Assignment: An exact copy of every line from the one holding "GALAXYLENSE ICE Tactical" to the end of the entries below is required; leave the pictures out.

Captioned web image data
=== Section Start ===

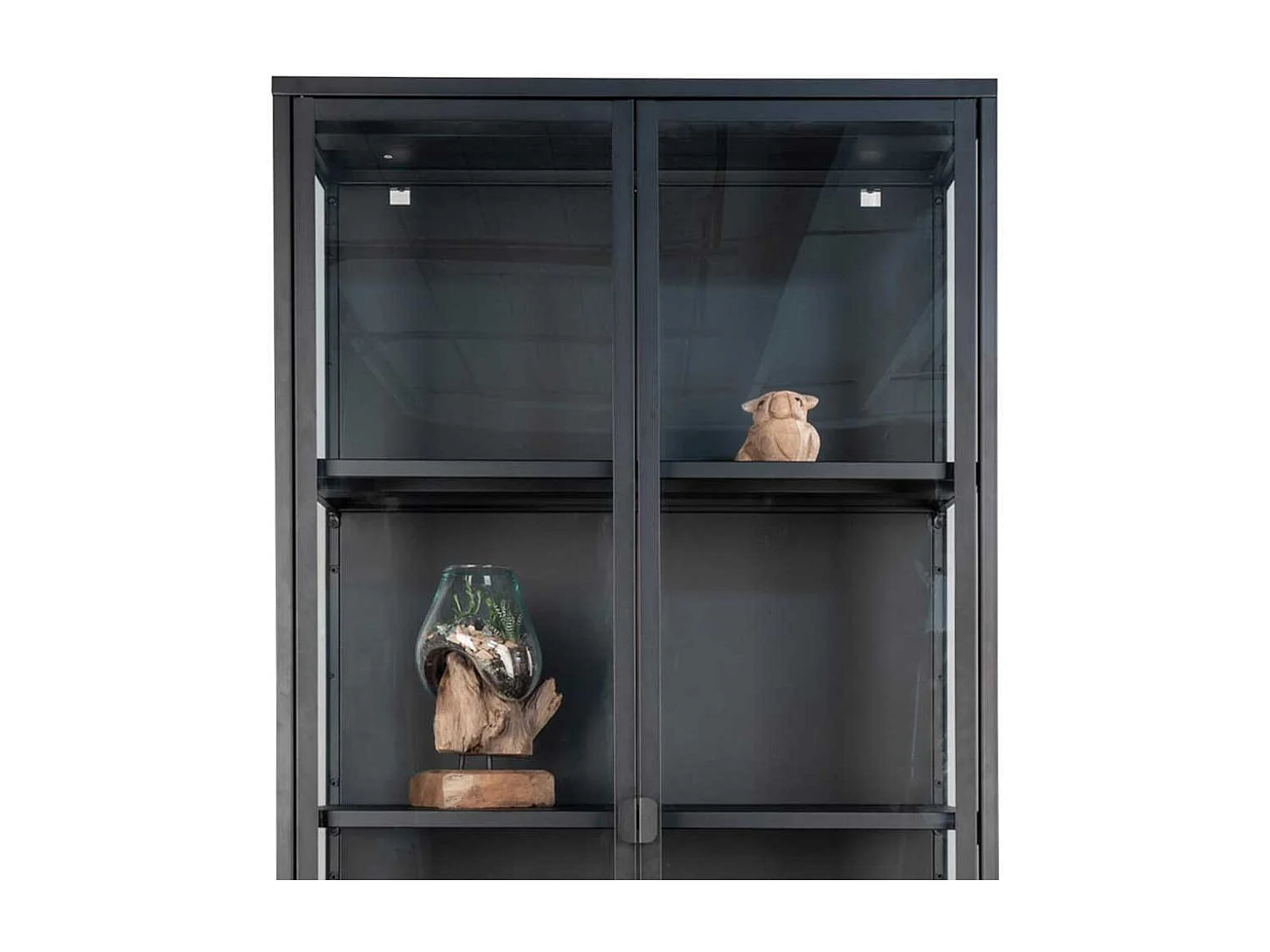 Wohnzimmervitrine in Schwarz 80 cm breit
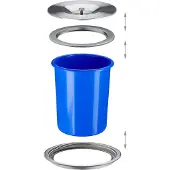 Relaxdays Mülleimer für Arbeitsplatte, 5 l, für Biomüll, Deckel aus Edelstahl, Einbaumülleimer, HxD: 23 x 24 cm, blau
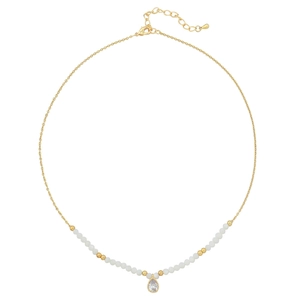 Collar delicado de cuentas doradas con perlas blancas y colgante de gota de cristal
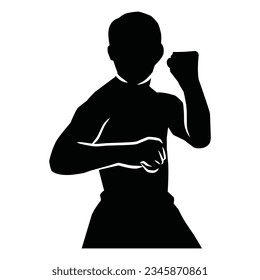 martial arts movement silhouette. vector image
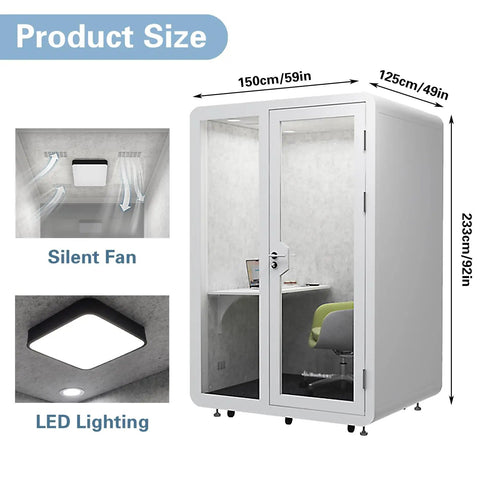 Portable Soundproof Phone Booth With Smooth Rolling Wheels Hella Quiet Office Pod Rig For Remote Hustle And Broadcast Streaming Includes Chill Cooling Fan Bright Lamp And Reliable Power Outlet showing dimensions and interior features.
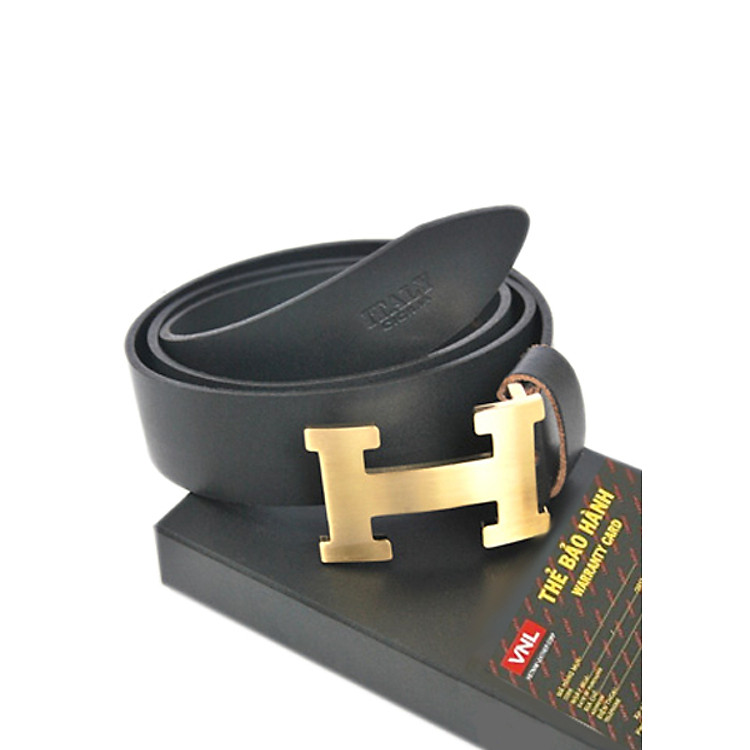 Thắt Lưng Nam Da Thật Cao Cấp Kiểu Dáng Hermes Da Giày Việt Nam VNLH86TK33 - Đen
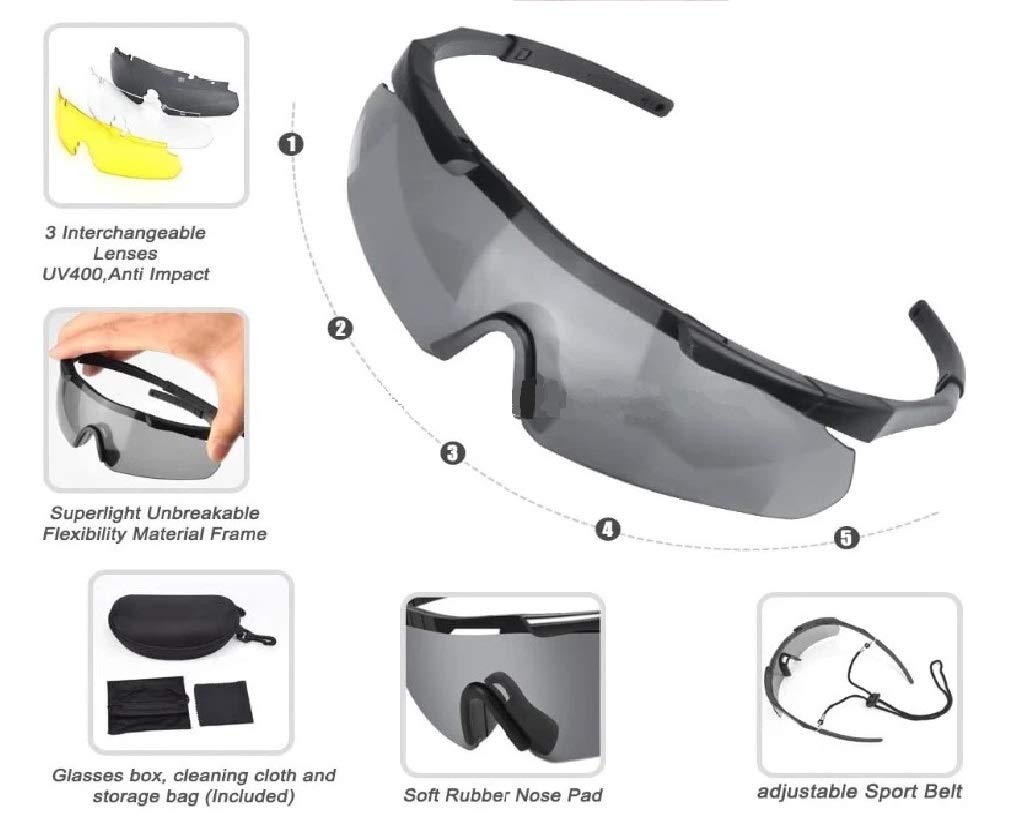 GALAXYLENSE ICE Tactical Combat Glasses for Men - Polarized Shooting & Hunting Glasses with 3 Interchangeable Lenses - UV Protection for Outdoor Sports, Military, and Airsoft Activities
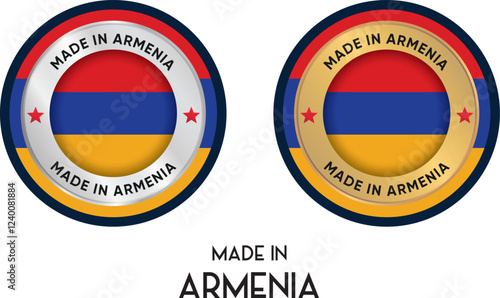 Free Download Made in Armenia. Premium labels, stickers, pointer, badge and symbol of Armenia flag icon. Collection vector illustration - GFXLoad
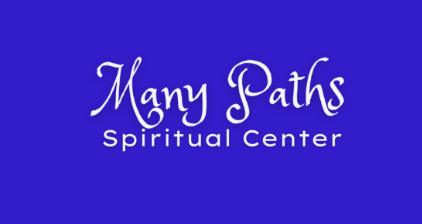 Many Paths Spiritual Center logo on a purple background, with white script and text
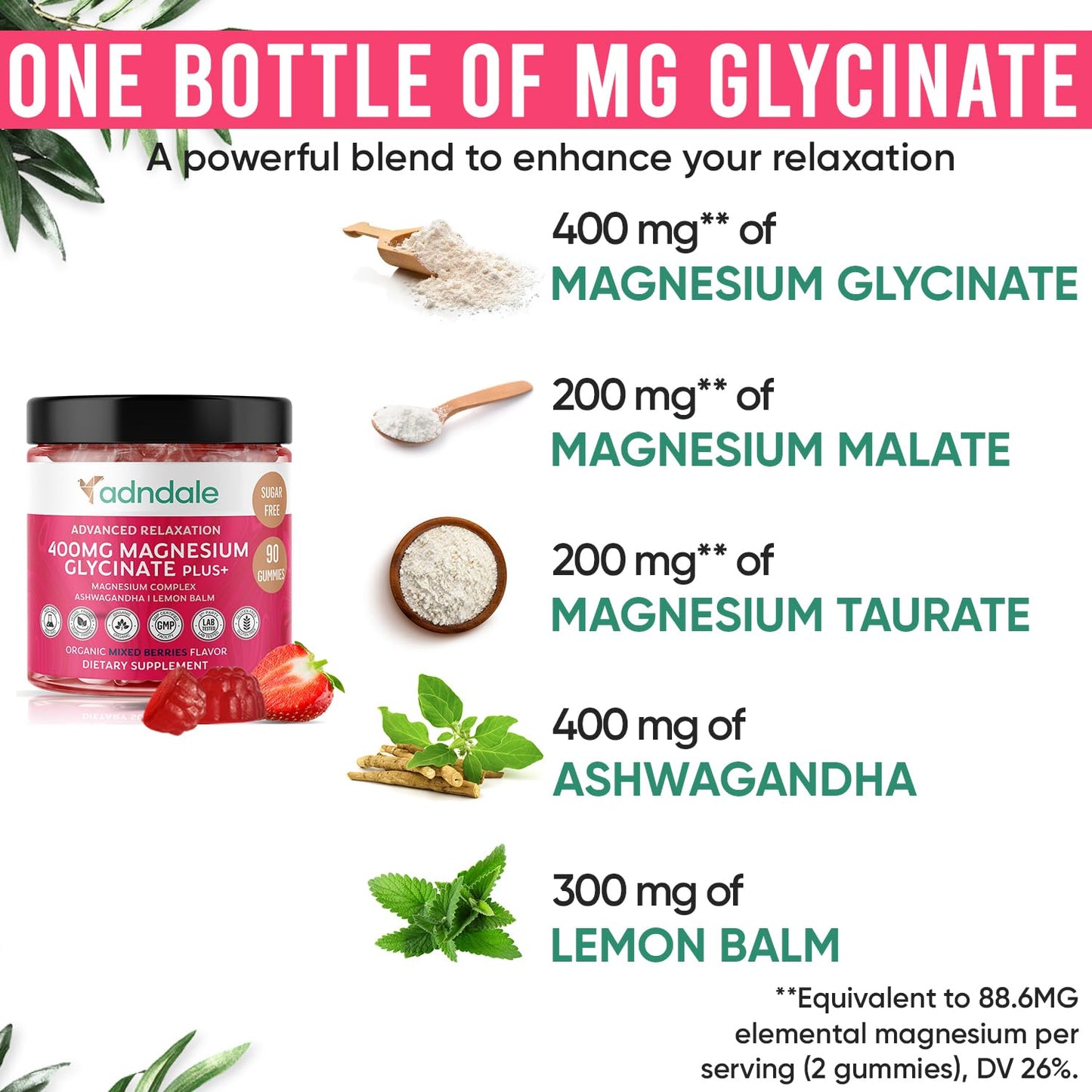 Adndale Magnesium Glycinate Gummies 180 Count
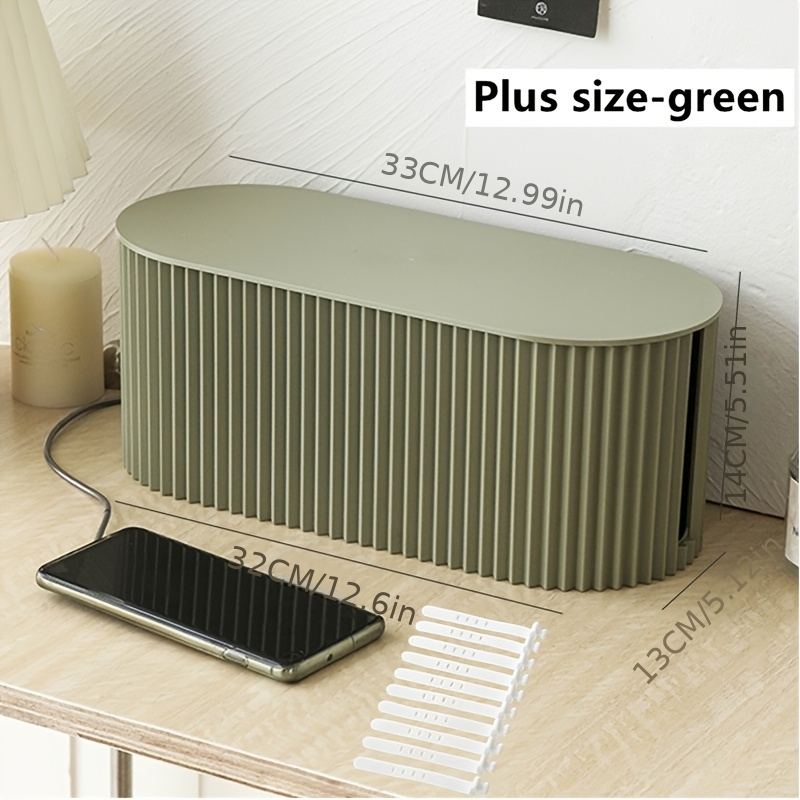 TEMU Plus Size The Power Socket Storage Box Makes The Desktop And Cleaner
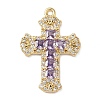Brass Micro Pave Cubic Zirconia Pendants KK-P342-15G-2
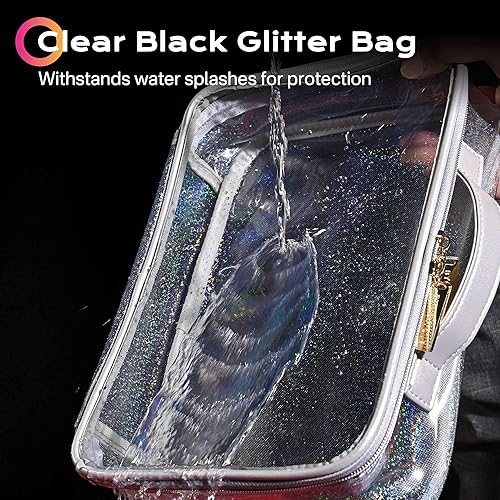 Miniatura 2 de BYOOTIQUE AW 420D - Neceser de viaje de nailon transparente, portátil, ligero, transparente, organizador de almacenamiento de cosméticos, piscina,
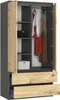BDW, Kleiderschrank 2 Türen, 2 Schubladen, 180x90x51 cm, Produktbild-Vorschau 1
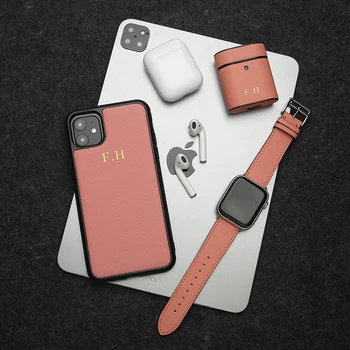 Horologii Osobné Iniciály Vlastné Ružové Kožené Telefón puzdro pre Iphone 7 8 10 X XR XS 11 12 Pro Max Mini Mobilný Telefón Kryt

=== Section End ===

Your response:
 GALAXYLENSE ICE Tactical Combat Glasses for Men - Polarized Shooting & Hunting Glasses with 3 Interchangeable Lenses - UV Protection for Outdoor Sports, Military, and Airsoft Activities
 Free Download Made in Armenia. Premium labels, stickers, pointer, badge and symbol of Armenia flag icon. Collection vector illustration - GFXLoad
 Many Paths Spiritual Center logo on a purple background, with white script and text
 Adndale Magnesium Glycinate Gummies 180 Count
 TEMU Plus Size The Power Socket Storage Box Makes The Desktop And Cleaner
Brass Micro Pave Cubic Zirconia Pendants KK-P342-15G-2
 Miniatura 2 de BYOOTIQUE AW 420D - Neceser de viaje de nailon transparente, portátil, ligero, transparente, organizador de almacenamiento de cosméticos, piscina,
BDW, Kleiderschrank 2 Türen, 2 Schubladen, 180x90x51 cm, Produktbild-Vorschau 1
 Horologii Osobné Iniciály Vlastné Ružové Kožené Telefón puzdro pre Iphone 7 8 10 X XR XS 11 12 Pro Max Mini Mobilný Telefón Kryt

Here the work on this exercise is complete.